The US unilaterally imposed sweeping sanctions on Iran’s financial sector in a move that critics say could have unintended consequences, including a detrimental impact on the ability of the Iranian people to access humanitarian resources.
Thursday’s tranche of sanctions — coming less than a month before the US presidential election — are the latest in the Trump administration’s “maximum pressure” campaign that they say is aimed at causing Tehran to change its behavior.
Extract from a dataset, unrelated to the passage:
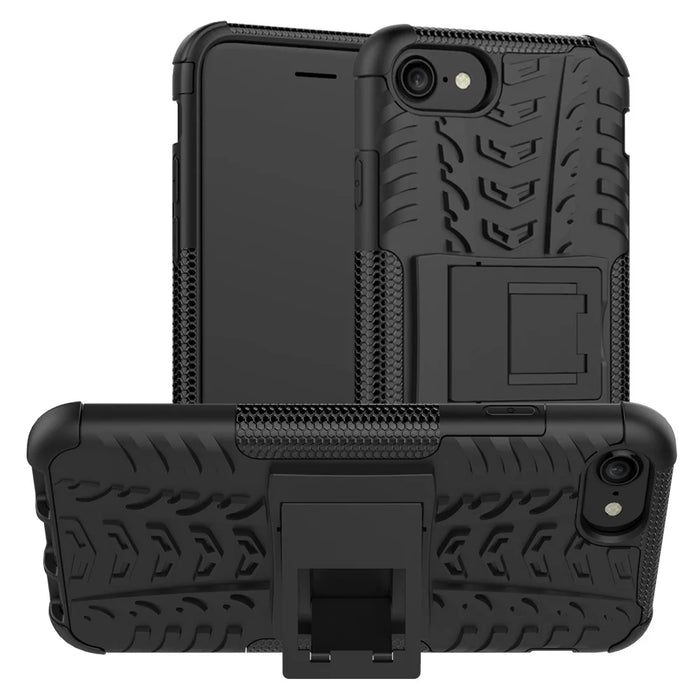 For iPhone SE (2020)/SE (2022)/8/7 4.7 inch Cool Tyre PC + TPU Hybrid Shell with Kickstand - Black - 1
That campaign — under which the administration walked away from the Iran nuclear deal — has left the US largely isolated from key European allies.
In a press release, the Treasury Department said it sanctioned 16 banks “for operating in Iran’s financial sector,” one bank “for being owned or controlled by a sanctioned Iranian bank,” and another bank affiliated with the Iranian military.
Under the new sanctions, “all property and interests in property of designated targets that are in the United States or in the possession or control of U.S. persons must be blocked and reported to” the Office of Foreign Assets Control.
“In addition, financial institutions and other persons that engage in certain transactions or activities with the sanctioned entities after a 45-day wind-down period may expose themselves to secondary sanctions or be subject to an enforcement action,” the Treasury Department said.
“Today’s action to identify the financial sector and sanction eighteen major Iranian banks reflects our commitment to stop illicit access to U.S. dollars,” Treasury Secretary Steven Mnuchin said in a statement. “Our sanctions programs will continue until Iran stops its support of terrorist activities and ends its nuclear programs.